The following two tables show the compensation (salary and benefits) of instructional staff. The first one is CT, and the second is nationwide. It shows both the nominal dollar value in the "amount" column" and the 2011-adjusted dollars.

Note that for this and subsequent 2011-adjusted tables, the data in years after 2011 doesn't necessarily make sense

In [147]:
print csvframe(pay_timeline(["CT"]).set_index("year")\
.join(pay_timeline(postals()).set_index("year")
                                            ,rsuffix="_US",lsuffix="_CT")\
               .reset_index()[["year","2011 dollars_CT","2011 dollars_US"]])

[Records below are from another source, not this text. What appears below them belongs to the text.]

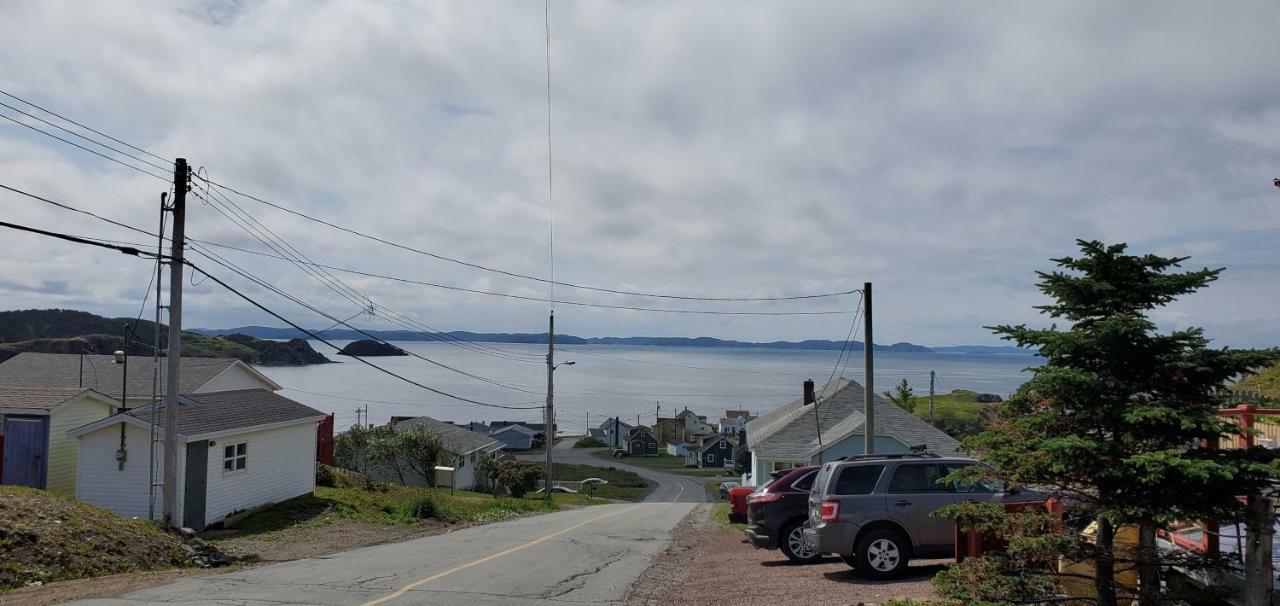 Hillside Cottage 2 Twillingate Eksteriør bilde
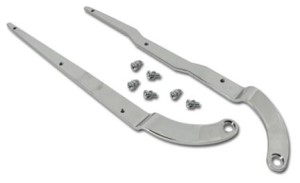 Seat Back Hinges 74-78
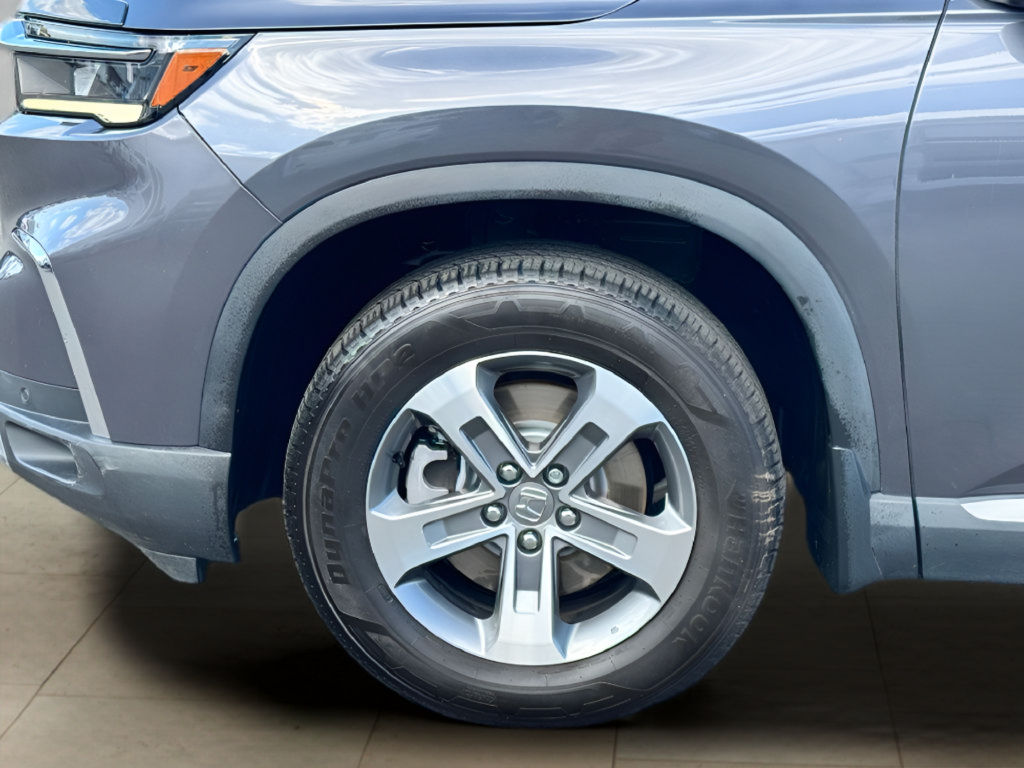 Used 2024 Honda Pilot EX-L image 38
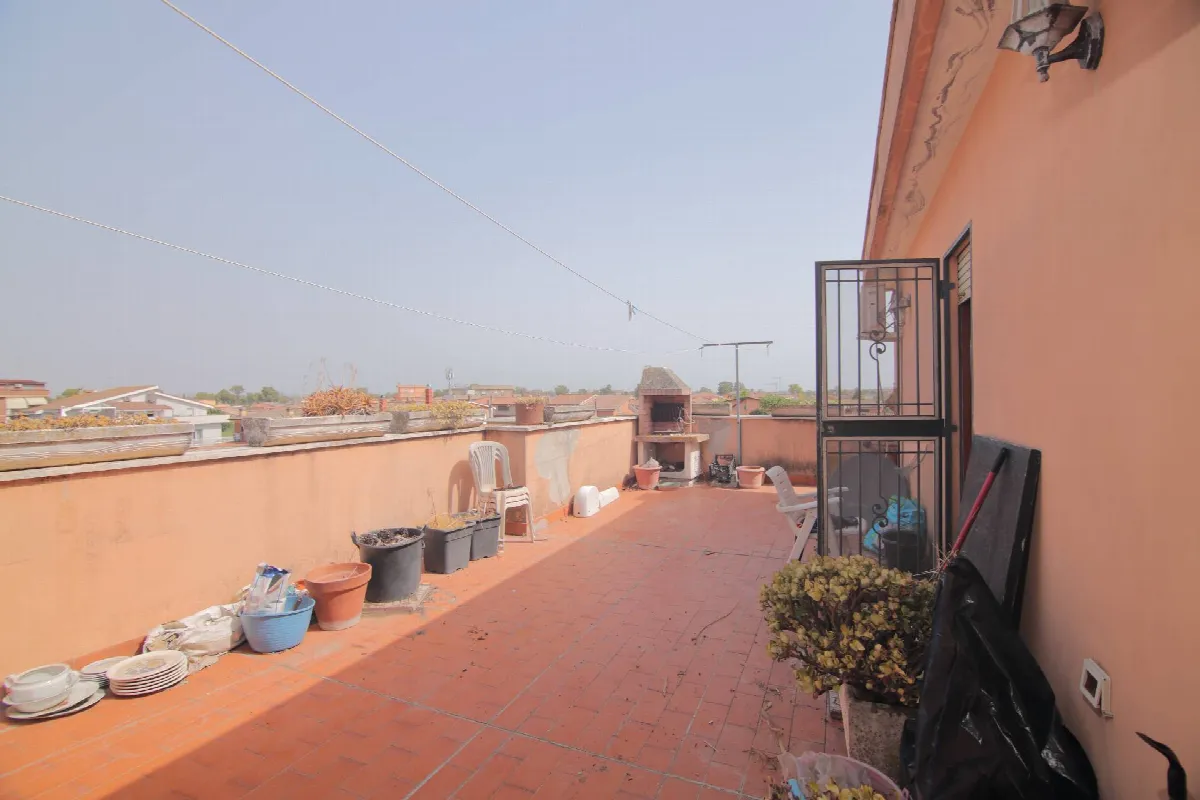 3 locali in vendita a Roma, Ostia Antica - foto 6
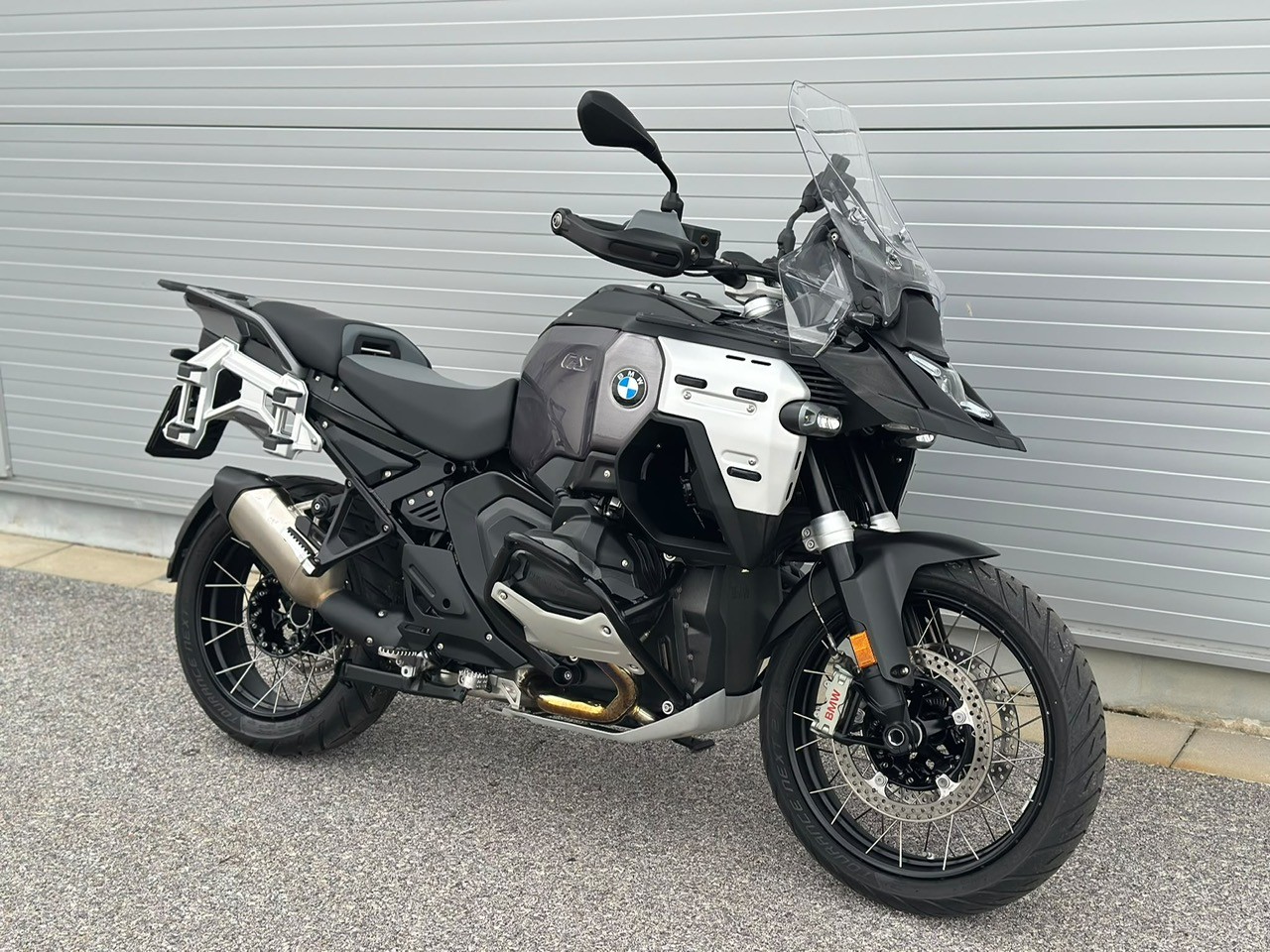 R 1300 GS Adventure<br>[7373741]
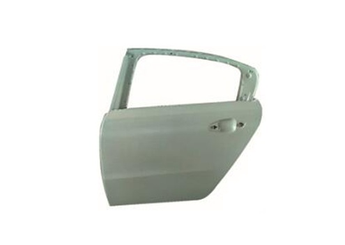 Kapı Arka Sol EUROBUMP PEJ0858007  9006S0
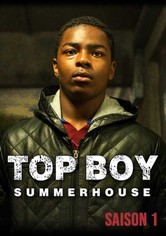 Top Boy - Saison 1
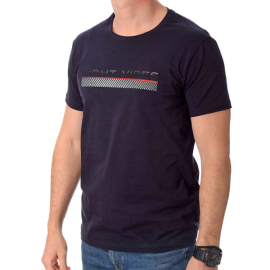 EASTBOUND MAJICA NIGHT VIBES TEE ZA MUŠKARCE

ERROR Converting to numeric value: M in  NV 1991  AIDES
ERROR Converting to numeric value: M in  NV 1991  AIDES
year	2011 dollars_CT	2011 dollars_US
1991	85229	65691
1992	87325	65912
1993	86267	65923
1994	85898	65683
1995	83550	66264
1996	81927	65217
1997	77978	64954
1998	76769	64978
1999	76468	64834
2000	75994	66090
2001	75854	67082
2002	78152	69165
2003	79941	70331
2004	85464	69920
2005	87813	70287
2006	89609	70805
2007	89216	72315
2008	77384	72870
2009	86274	75385
2010	86559	77612
2011	86971	75547
2012	86386	73136
2013	86882	73171



In [133]:
pay_timeline(postals())

ERROR Converting to numeric value: M in  NV 1991  AIDES
ERROR Converting to numeric value: M in  NV 1991  AIDES


Unnamed: 0,year,amount,2011 dollars
0,1991,39776,65691
1,1992,41111,65912
2,1993,42349,65923
3,1994,43275,65683
4,1995,44895,66264
5,1996,45491,65217
6,1997,46347,64954
7,1998,47086,64978
8,1999,48019,64834
9,2000,50595,66090


# * Was there really a decline in 2007 to 2008 in CT?

The table in the previos section shows a nominal and real (inflation-adjusted) decline in compensation costs per educator from 2007 to 2008 which caught my eye. 


#### Exec summary
It turns out there was a 17% increase in the number of instructional staff members (up 9,163 from 53045 to 62208), all but 4 of which were teachers, not aides. Meanwhile, the costs grew 5.6% (245 million), split even with 123 million in benefits and 123 million salaries. But that means the smaller benefit line grew at a faster pace than salaries - up 10.7%, compared with salary costs which moved at 3.8%.

#### Checking my work

I wanted to make sure that wasn't an error. In the next chunk of code, I verify that my math and code is right in calculating these columns, and then derive the conclusions in the "Exec summary" subsection above.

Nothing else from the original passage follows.